For this study, "treatment emergent" (TE) events refers to any of the previously defined deviations in the electrocardiogram from a regular sinus rhythm that emerged in the time period as defined, following administration of study drug (NMBA reversal agent to treat NMB). In this context, use of the word "treatment" in TE terminology refers only to NMB reversal agent study drug, and does not refer to whether treatment of any kind was carried out for TE arrhythmia events. The term TE is therefore independent of a possible treatment for the TE event itself. In this way, all TE events were objectively identified and included in the analyses of endpoints. This approach avoided subjectivity on the part of the treating physician to decide whether an event had occurred based on a clinical decision of whether or not to treat the arrhythmia event.

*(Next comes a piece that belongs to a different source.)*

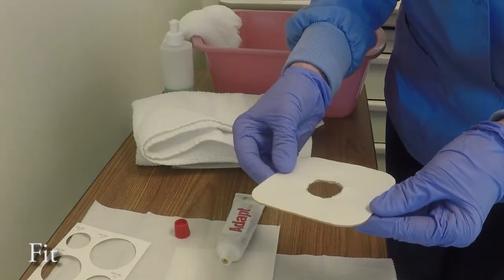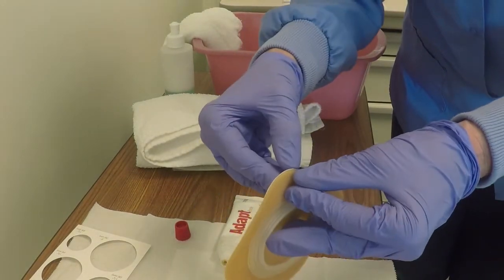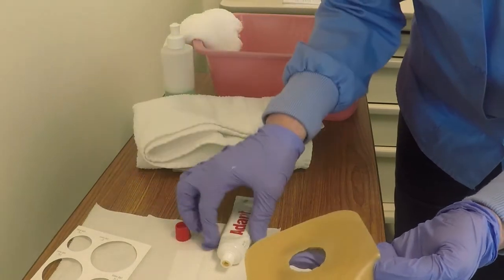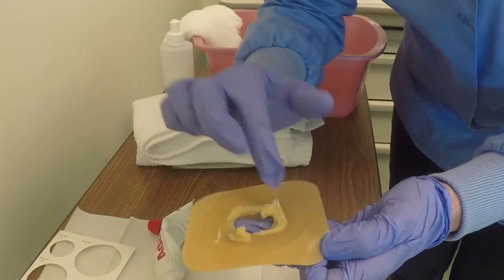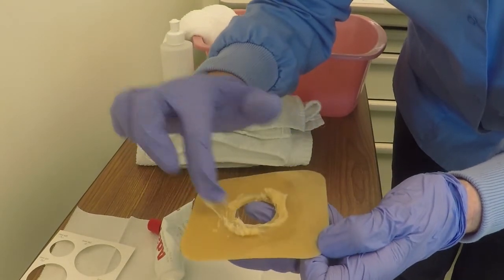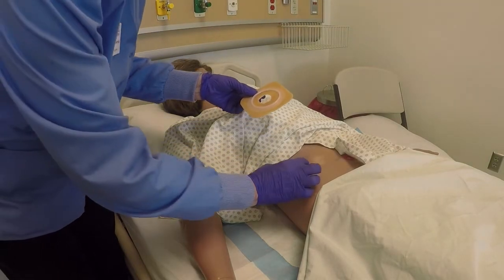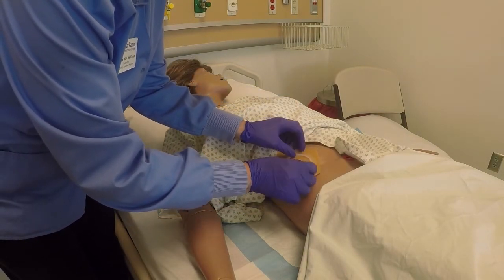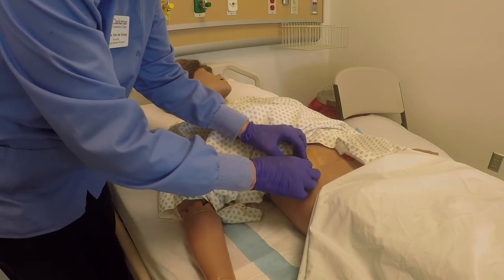F is for fit. Now I'm going to fit the skin barrier around the stoma. First, I'm going to peel back the paper backing — the sticky part of the skin barrier. Then I'm going to apply a thin film of paste around the opening and let that dry according to the instructions on the stoma paste. Now I'm going to fit the skin barrier over the stoma, pulling the skin around the stoma taut so there are no wrinkles. I'll place the skin barrier opening over the stoma and center it.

An external clinical adjudication committee of anesthesia and allergy experts, blinded to treatment, classified potential cases of hypersensitivity and/or anaphylaxis. The general safety profile of sugammadex also was assessed by monitoring of AEs up to 7 days post-treatment and comparing the incidences of specific AEs, by system organ classes and laboratory/vital sign values by predefined limits of changes in one or more of the treatment groups. A supplemental summary of all AEs occurring up to 14 days post administration of study medication also was provided.

Statistical Analysis

Safety analyses were based on the All Participants as Treated Population which included all randomized participants who received at least one dose of study medication. A tiered approach was applied to the safety analyses. The primary safety endpoints (i.e., proportion of participants with TE cardiac arrythmias) were subject to inferential testing for statistical significance with 95% confidence intervals for between-group comparisons. Secondary safety parameters (e.g., CR cardiac arrythmias adjudicated hypersensitivity and anaphylaxis, and some other supportive safety parameters) were assessed via point estimates with 95% confidence intervals provided for between-group comparisons; only point estimates by treatment group were provided for the remainder of the safety parameters. Between-group comparisons were performed for each dose group vs neostigmine/glycopyrrolate pooled across rocuronium and vecuronium stratum. P-value significance testing and 95% confidence intervals for between-group comparisons used the stratified Miettinen and Nurminen method with rocuronium and vecuronium and with ASA Physical Class as stratification factors and were provided to guide clinical interpretation of the results.[25] Since no adjustments were made for multiple treatment comparisons, the nominal P-values should be interpreted with caution. All statistical tests were conducted at the α = 0.05 (2-sided) level.